• Task instructions: Leave every image out, and return the rest of the data word for word.

• Supplied material:
——————————
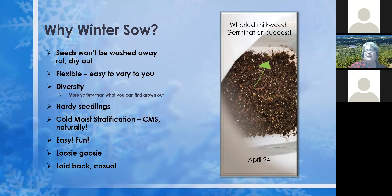The seeds receive cold moist stratification naturally, just the way they do in nature — seeds are dispersed through fall and all winter long, getting freeze-thaw cycles and rain and snow, which helps break down that seed coating so when it warms up in spring it germinates. I love this because it's so easy and fun — it's loosey-goosey and laid-back, and that's my personality. In this picture you can just barely see a seed that's starting to germinate — that was April 24th, giving you an idea of when some seeds will begin germinating.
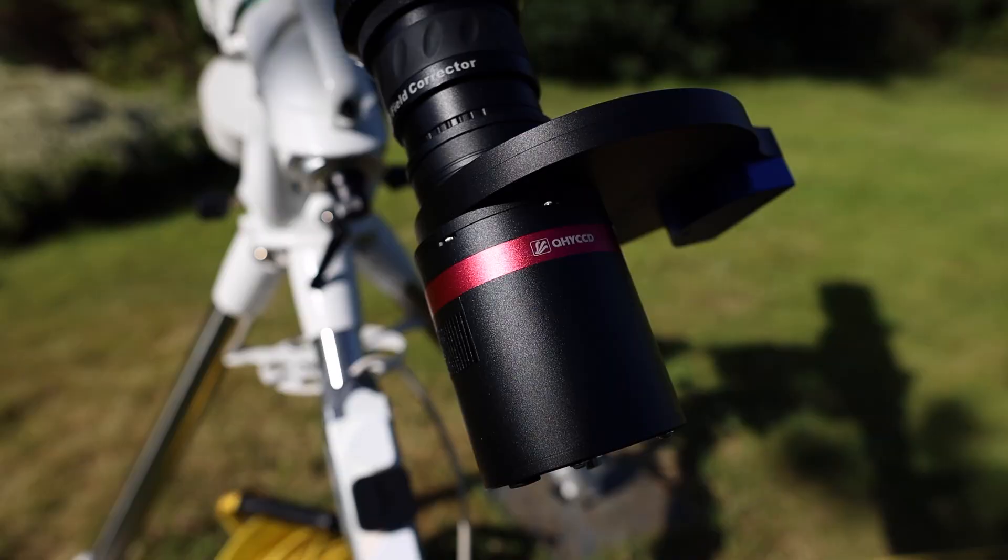Thanks to you guys and the support you've shown the channel, I've been given the wonderful opportunity of being able to review a QHY camera, specifically the QHY 268M. This is the first video of a series I'm going to be doing on the QHY 268M. It will pop up a lot over the next few months, and at the end I'm going to post a review with all of my thoughts and feelings on the camera. Quick disclaimer: QHY have not compensated me in any way, and each video will feature my own honest opinions. I'm here to help you guys on your astrophotography journey, and hopefully this review process will give you a good idea of what to look for in a camera when it comes to specifications.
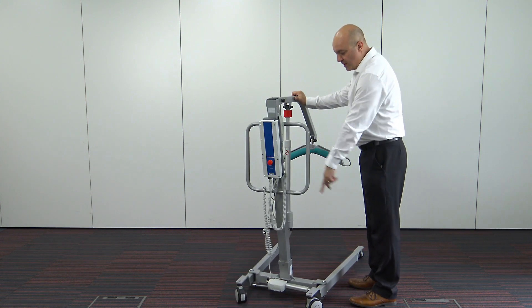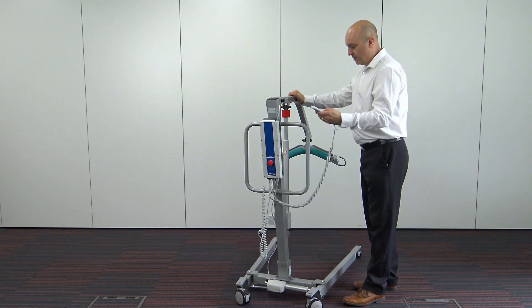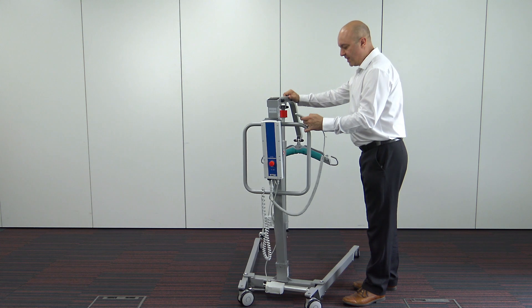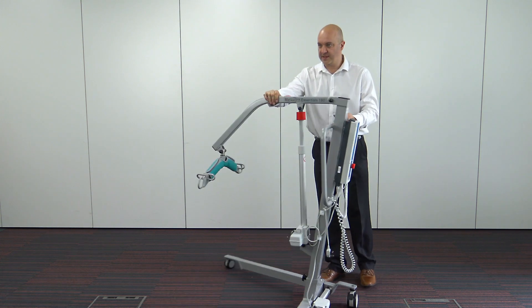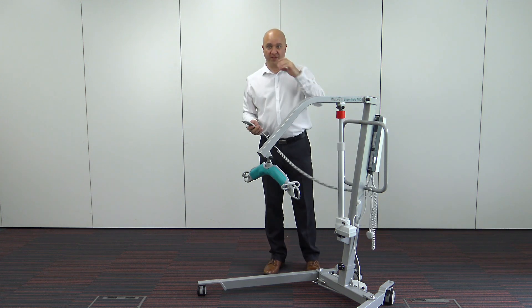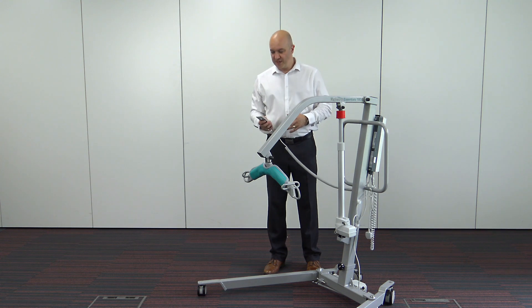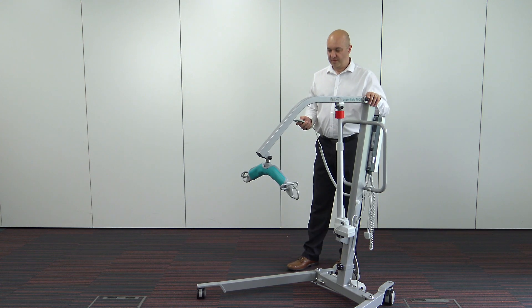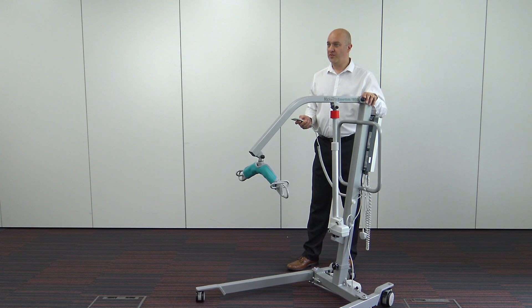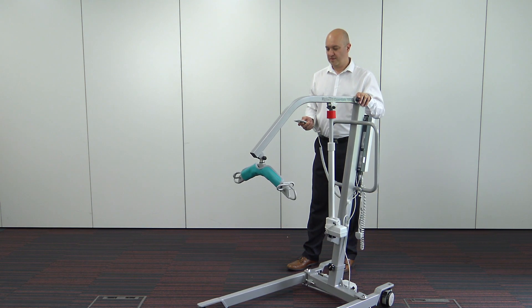The actuator in between those two casters is what operates the leg opening. You'll see the legs get into their widest position — the widest position for the legs is 1176mm wide. When it's in its closed position, it'll be 601mm. All of this technical information you can find on Prism Medical's website, prismmedical.co.uk.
——————————
• Response to the task:
The seeds receive cold moist stratification naturally, just the way they do in nature — seeds are dispersed through fall and all winter long, getting freeze-thaw cycles and rain and snow, which helps break down that seed coating so when it warms up in spring it germinates. I love this because it's so easy and fun — it's loosey-goosey and laid-back, and that's my personality. In this picture you can just barely see a seed that's starting to germinate — that was April 24th, giving you an idea of when some seeds will begin germinating.
Thanks to you guys and the support you've shown the channel, I've been given the wonderful opportunity of being able to review a QHY camera, specifically the QHY 268M. This is the first video of a series I'm going to be doing on the QHY 268M. It will pop up a lot over the next few months, and at the end I'm going to post a review with all of my thoughts and feelings on the camera. Quick disclaimer: QHY have not compensated me in any way, and each video will feature my own honest opinions. I'm here to help you guys on your astrophotography journey, and hopefully this review process will give you a good idea of what to look for in a camera when it comes to specifications.
The actuator in between those two casters is what operates the leg opening. You'll see the legs get into their widest position — the widest position for the legs is 1176mm wide. When it's in its closed position, it'll be 601mm. All of this technical information you can find on Prism Medical's website, prismmedical.co.uk.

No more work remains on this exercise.